At rest and under steady-state exercise conditions, there is a balance between blood lactate production and blood lactate removal (Brooks 2000). The lactate threshold refers to the intensity of exercise at which there is an abrupt increase in blood lactate levels (Roberts & Robergs 1997). Although the exact physiological factors of the lactate threshold are still being resolved, it is thought to involve the following key mechanisms (Roberts & Robergs 1997):
1) Decreased lactate removal
2) Increased fast-twitch motor unit recruitment
3) Imbalance between glycolysis and mitochondrial respiration
4) Ischemia (low blood flow) or hypoxia (low oxygen content in blood)
1) Lactate Removal
Although once viewed as a negative metabolic event, increased lactate production occurring exclusively during high-intensity exercise is natural (Robergs, Ghiasvand, Parker 2004). Even at rest a small degree of lactate production takes place, which indicates there must also exist lactate removal or else there would be lactate accumulation occurring at rest. The primary means of lactate removal include its uptake by the heart, liver, and kidneys as a metabolic fuel (Brooks 1985). Within the liver, lactate functions as a chemical building block for glucose production (known as gluconeogenesis), which is then released back into the bloodstream to be used as fuel (or substrate) elsewhere. Additionally, non-exercising or less active muscles are capable of lactate uptake and consumption. At exercise intensities above the lactate threshold, there is a mismatch between production and uptake, with the rate of lactate removal apparently lagging behind the rate of lactate production (Katz & Sahlin 1988).
2) Increased Fast-Twitch Motor Unit Recruitment
At low levels of intensity, primarily slow-twitch muscles are recruited to support the exercise workload.
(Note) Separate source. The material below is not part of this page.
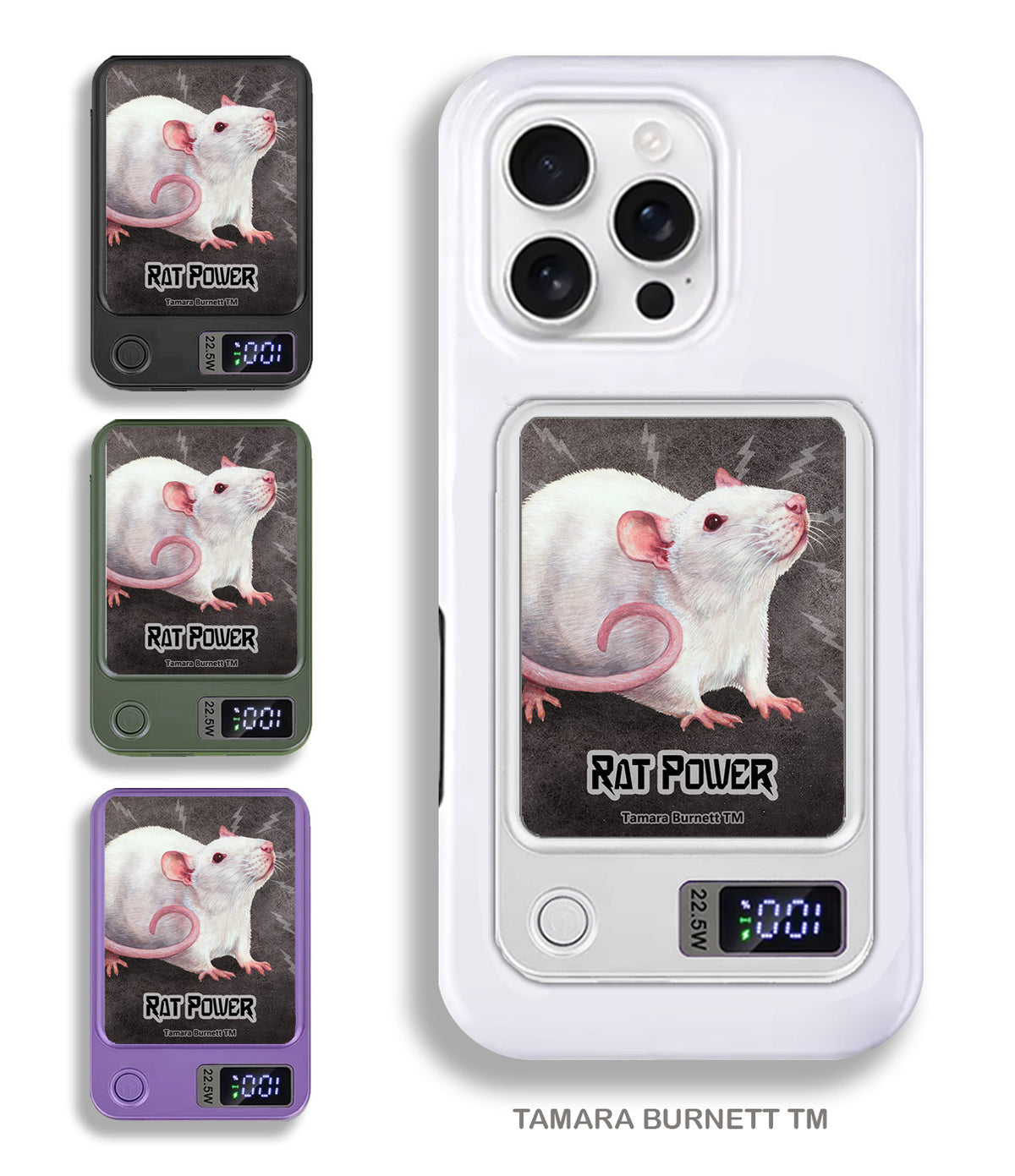 Rat White Phone Bank Wireless Charger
Slow-twitch muscle is characterized by a high aerobic endurance capacity that enhances mitochondrial respiration, which is the aerobic ATP energy production system. With increasing exercise intensity there is a shift towards the recruitment of fast-twitch muscles, which have metabolic characteristics that are geared towards glycolysis (an anaerobic energy pathway). The recruitment of these muscles will shift energy metabolism from mitochondrial respiration more towards glycolysis, which will eventually lead to increased lactate production (Anderson & Rhodes 1989).
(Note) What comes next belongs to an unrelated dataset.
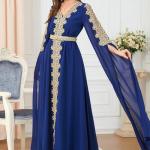 Dark Blue Floral Maxi Kaftan Dress for Women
3) Imbalance between Glycolysis and Mitochondrial Respiration
At increasing exercise intensities, there is an increased reliance on the rate in the transfer of glucose to pyruvate through the reactions of glycolysis. This is referred to as glycolytic flux. Pyruvate, which is the final product of glycolysis, can either enter the mitochondria for further biological breakdown (for eventual synthesis of energy) or be converted to lactate. There are some researchers who believe that at high rates of glycolysis, pyruvate is produced faster than it can enter into the mitochondria for mitochondrial respiration (Wasserman, Beaver, & Whipp 1986). Pyruvate that cannot enter the mitochondria will be converted to lactate, which can then be used as fuel elsewhere in the body (such as the liver or other muscles).
4) Ischemia and Hypoxia
For years, one of the primary causes of lactate production was thought to include low levels of blood flow (ischemia) or low levels of blood oxygen content (hypoxia) to exercising muscles (Roberts & Robergs 1997). However, there is no experimental data indicating ischemia or hypoxia in exercising muscles, even at very intense bouts of exercise (Brooks 1985).